Whatever the reality, King doesn’t want to talk about Ogilvy – or the reasons for her departure – and says that the Publicis job came about because Sadoun sent her a text message inviting her to meet for breakfast (maybe it was serendipity). "I chose to come to Publicis. Arthur offered me the job and it was too exciting to say no to – it was a bigger job and [I would be] working for him."
For his part in this mutual love-in, Sadoun says: "Annette is an inspiring and formidable figure in the industry and I knew she would be the perfect leader. Her wealth of experience, plus her sheer talent and transformational leadership, will be vital in accelerating the country model roll-out."
So what else has been occupying King’s first few weeks other than not drinking rosé and networking in the south of France? Her first initiative was an Elizabeth I-style "progress", a tour taking in all the agency brands that make up her fiefdom (or should that be King-dom?) where the agency leaders were invited to talk about their proposition and best work.

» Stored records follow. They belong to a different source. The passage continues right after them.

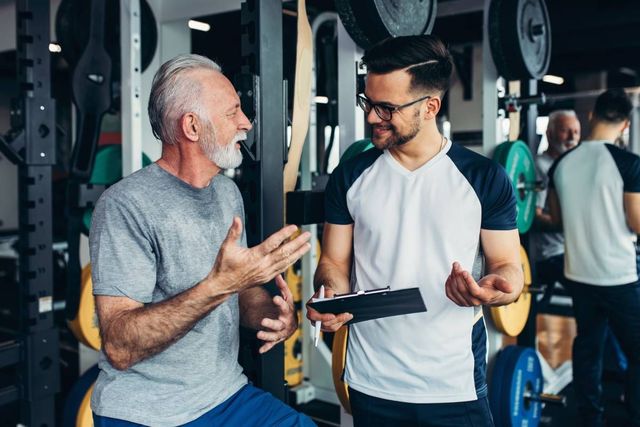 Quad Fit certified personal trainer coaching a client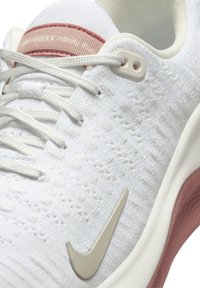 Baskets de course blanches avec une tige en tricot texturé, accents roses et Swoosh beige de Nike. Équipées d'un système de laçage et d'une semelle rembourrée.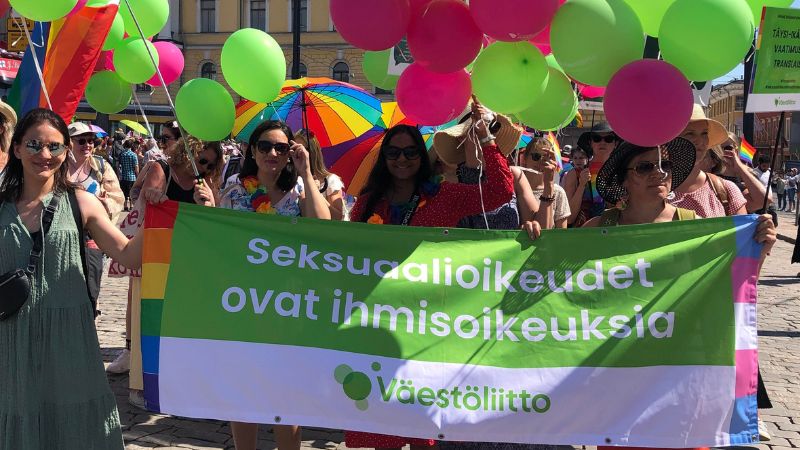 Väestöliittolaisia Senaatintorilla ennen Helsinki Pride -kulkuetta 2022. Banderollissa lukee "Seksuaalioikeudet ovat ihmisoikeuksia".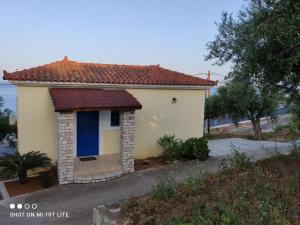 una pequeña casa blanca con una puerta azul en Iliadis Vacation Homes en Petalídhion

Publicis insiders were reassured by her visit and say it went well, acting as a counterpoint to those who thought her (rather unfairly awarded) nickname"AK-47" would result in a full-on assault.
Those who have worked for King in the past say that she is not a micro-manager and is smart enough to leave her leadership teams to handle their own businesses – at least until a problem comes up, at which point she will be there to take decisive action.

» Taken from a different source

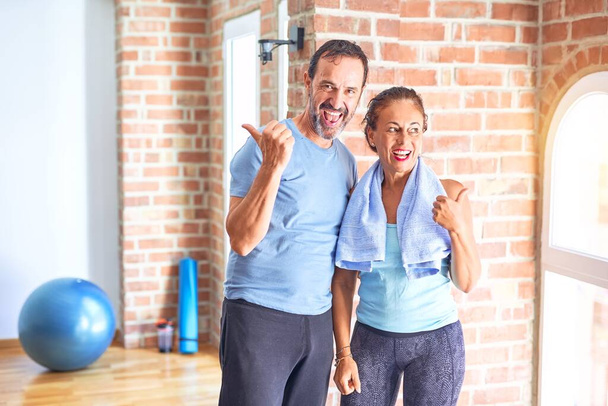 Middelbare leeftijd sportief paar staan voor doen oefening in de sportschool glimlachen met een vrolijk gezicht kijken en wijzen naar de zijkant met duim omhoog. - Foto, afbeelding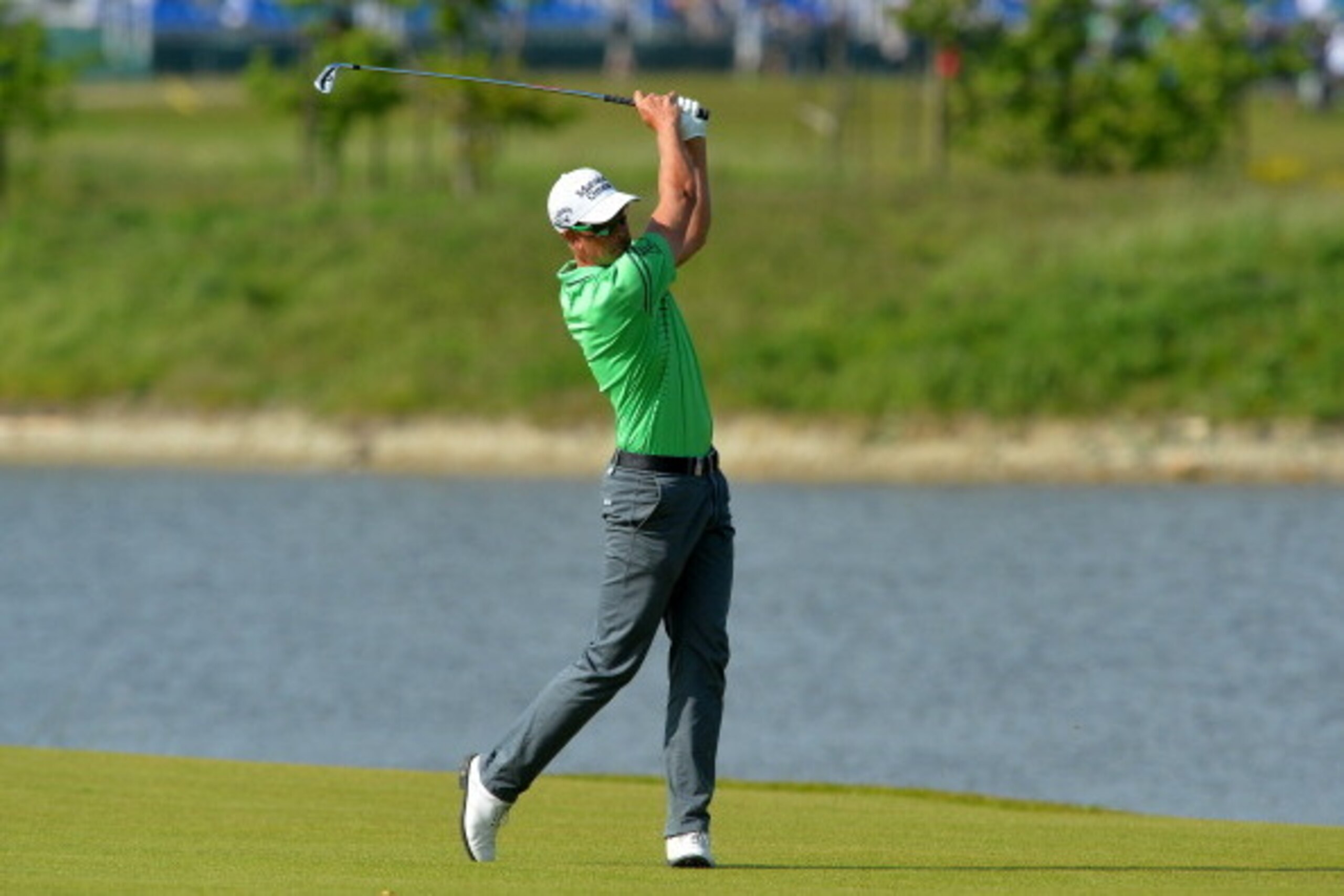 MALMO, SWEDEN - MAY 31:  Henrik Stenson of Sweden plays his approach shot to the 18th green during the Nordea Masters at the PGA Sweden National on May 31, 2014 in Malmo, Sweden. (Photo by Mark Runnacles/Getty Images)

For the time being, there has been no fire-fighting, and King’s focus has been on identifying and then "empowering people within each agency to pull down any silos that might have existed". To assist her in this task, she will be assembling a small management team to work across all the group’s companies. Some of this is already in motion.

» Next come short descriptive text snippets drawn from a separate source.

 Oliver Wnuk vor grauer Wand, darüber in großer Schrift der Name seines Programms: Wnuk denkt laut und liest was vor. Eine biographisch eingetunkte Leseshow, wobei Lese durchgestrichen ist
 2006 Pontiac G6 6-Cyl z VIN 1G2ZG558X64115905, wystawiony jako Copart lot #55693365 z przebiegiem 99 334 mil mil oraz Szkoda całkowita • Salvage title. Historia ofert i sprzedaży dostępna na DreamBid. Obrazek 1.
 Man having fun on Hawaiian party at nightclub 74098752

Publicis Groupe UK is arranged around four "solution hubs" (woe betide anyone who calls them "silos"): Publicis Communications, Publicis Media, Publicis.Sapient and Publicis Health – with the latter three each having its own leader. King says that the key to making them work together more closely is to share talent, resources and, ultimately, clients. "I need to make sure there’s the right set-up – and where we can add value," she adds. The appointment of a leader for Publicis Communications solution hub is something she is giving consideration to.
The UK ad market is going through big change but Publicis Groupe is ahead of the curveAnnette King
Given that Publicis Groupe UK comprises 5,000 people and nearly 20 agency brands and sub-brands, one might think that some rationalisation might be on the cards. King denies this, at least for now. "The brands are really important part of the model. They all have their own distinctive cultures. It’s really important that the brands stay very much alive. You can feel the difference in culture between solution hubs. But what I’ve been delighted by is the consistency of the ‘Power of One’ and the direction of delivery," she says.
And what does she make of the market as a whole? "The UK ad market is going through big change – client transformations, consultancies – but Publicis Groupe is ahead of the curve as it has already started its transformation."
She is particularly enthusiastic about Publicis.Sapient, which, in a neat turn of events, is trying to park its tanks on the consultancy lawns. "The comms business is going through slightly more challenge but we can readjust with others, while media is very busy. My focus is growth – growth, growth, growth," she says.
And with that, this epitome of the "power of one" in human form, smiles and heads off to get on with working hard on client business.
The question is…
How I got into advertising
I met a Swedish guy in a pub in Swindon when I was 22 and he knew someone who knew someone and was kind enough to send an introductory letter…
Best advice I have received
If you can, sleep on it.
Advice I would give others
Work out what really matters to you and choose a place to work that suits, even if it takes a bit longer to find.
British Airways "Magic of flying"
Favourite TV show
Last book I read
The Sparsholt Affair by Alan Hollinghurst
Interests outside work
My kids, going to Italy, art – buying it and having a go myself.